FE colleges forced to bid to win back places

The revelation that four out of five bidders for the 20,000 cut-price undergraduate degree places are further education colleges may be disguising the fact that many are simply bidding to "stand still".

November 17, 2011

The Higher Education Funding Council for England announced this week that it had received bids from 202 institutions for the 20,000 places being auctioned off to lower-cost providers for 2012-13.

The auction is part of a two-pronged plan to ramp up competition in the sector.

Of these, 167 are further education colleges, which bid for almost 20,000 places, and 34 are universities, which applied for 16,000. A secondary school that offers foundation degrees also submitted a bid.

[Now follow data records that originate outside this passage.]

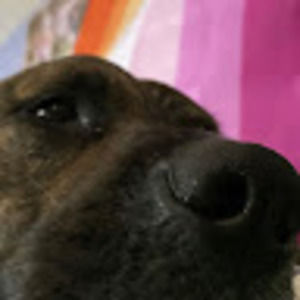 Meet your Posher, Crow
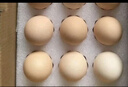 1号会员店可生食鸡蛋30枚净重3.6斤精选大码蛋礼盒装 源头直发 实拍图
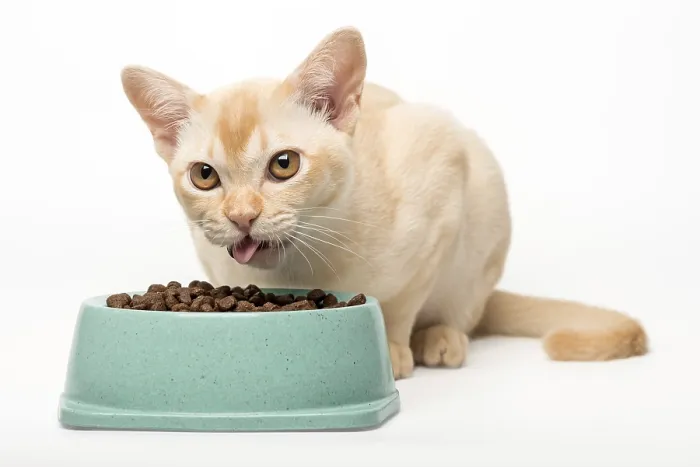 Framed Print : Kitten cream burmese eats dry food Framed Print : Kitten cream burmese eats dry food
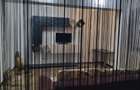 Apartament 2 camere complet utilat, zona Facultății de Drept - 9
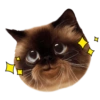 Gatitos 9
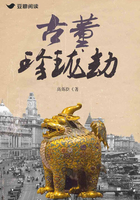 古董珍珑劫在线阅读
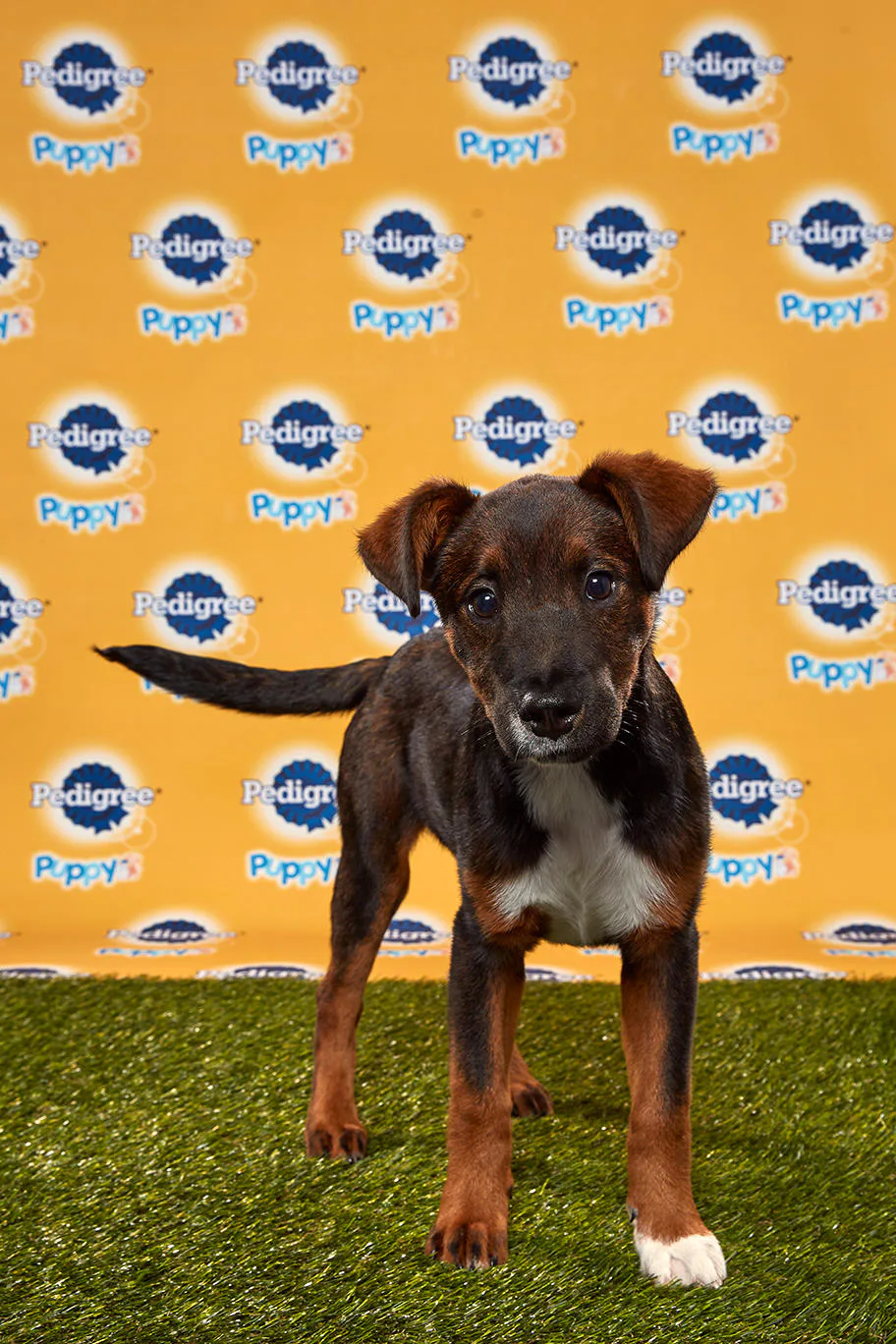 animal planet puppy bowl 2019 adoption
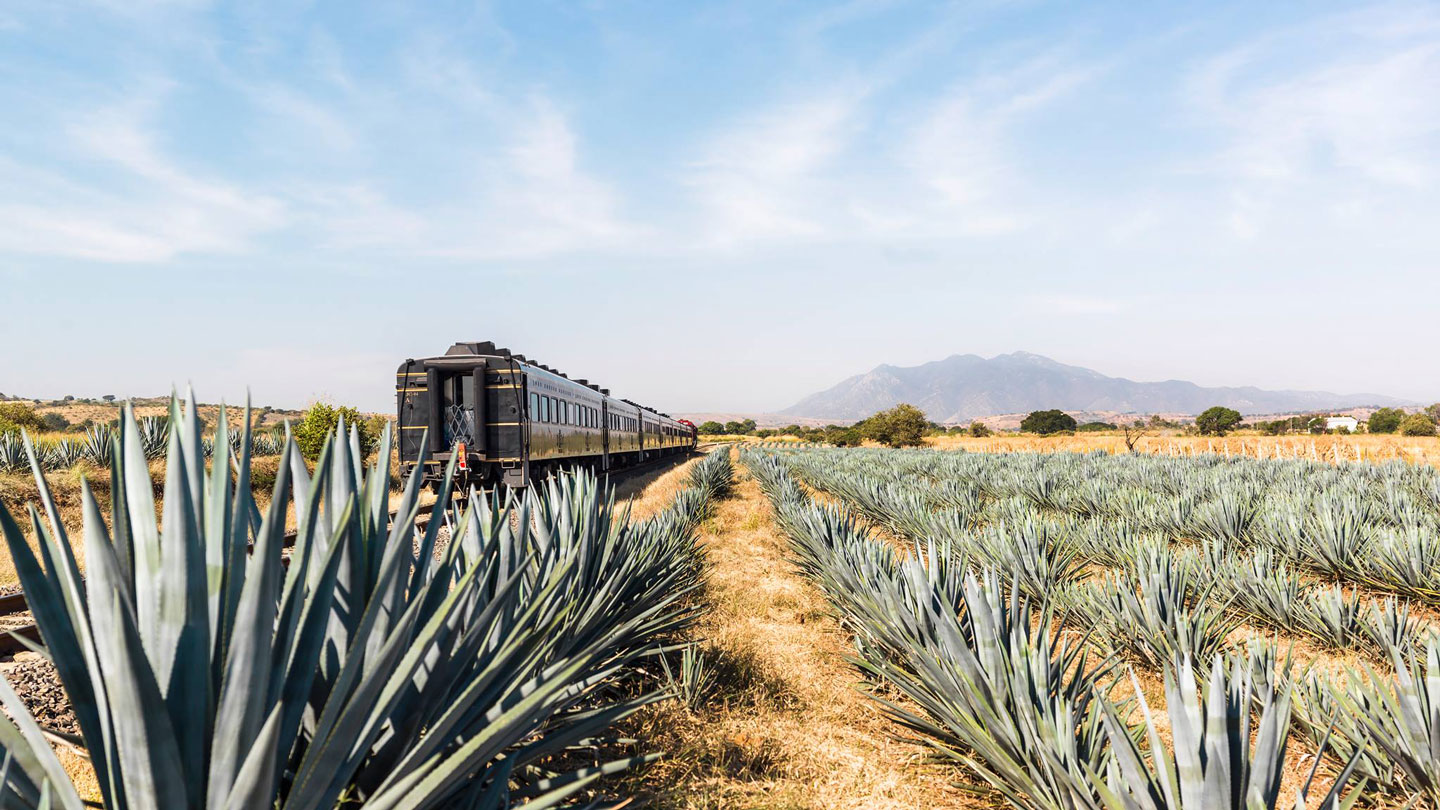 There's an allyoucandrink tequila train through Mexico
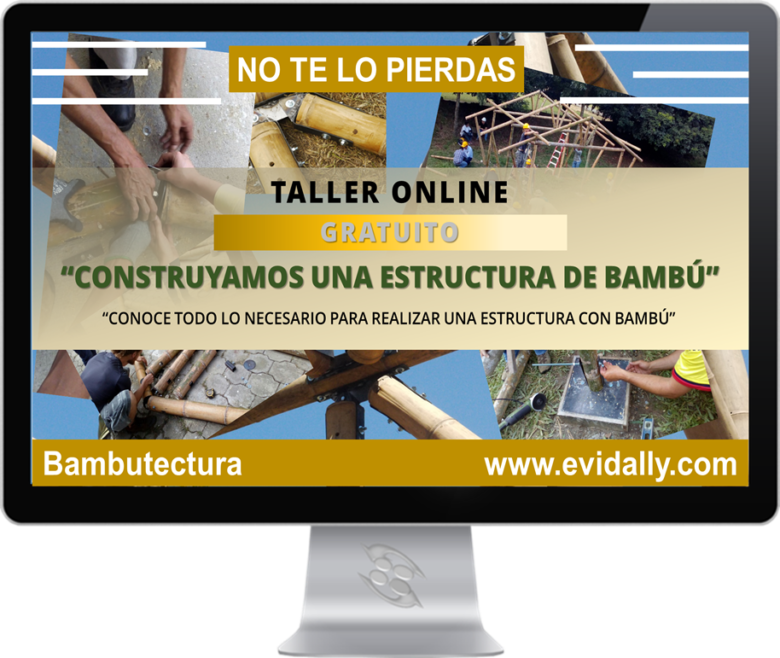 taller online bambú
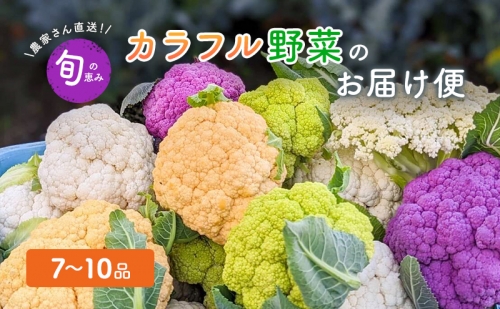 農家直送 旬の恵み カラフル野菜 お届け便 野菜 詰め合わせ 野菜セット カリフラワー コールラビ かぶ ブロッコリー 旬 セット おまかせ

However, although the proportions mean that further education could be given more than half of the places on offer, college principals have expressed anger at the process.

Nick Davy, higher education policy manager at the Association of Colleges, said further education providers were being forced to win back places they did not expect to lose after Hefce "backtracked" on plans to protect numbers.

In its original proposals, Hefce suggested that colleges it directly funded - and which were charging tuition fees of less than £6,000 - would not face the 9 per cent cut in places being applied to universities to create the 20,000-strong pool.

However, Hefce changed its plans following a recent consultation with the sector - although FE institutions' first 50 higher education places will escape the cull.

Mr Davy said Hefce's decision was "bizarre" as it appeared to run "counter to the direction of travel indicated in the White Paper" about colleges being able to expand.

"Because of this you'll find that probably even more [further education colleges]...are applying for the margin," he said.

Noel Otley, principal of Havering College, said his institution had bid for 60 places, but could lose almost 100 to create the margin, leading to a net loss.

"You potentially are in a position where you're bidding just to stand still, which is not what we'd thought the process was about," he said.

A number of colleges that have partnerships with higher education institutions are also bidding to replace the student places being withdrawn by universities as they try to limit the damage of the 9 per cent cut to their own core allocation.

Philip Davies, assistant director for higher education at Bournemouth and Poole College, said this meant that "core and margin" policies were having the "opposite effect" to the government's goal of trying to widen participation through further education expansion.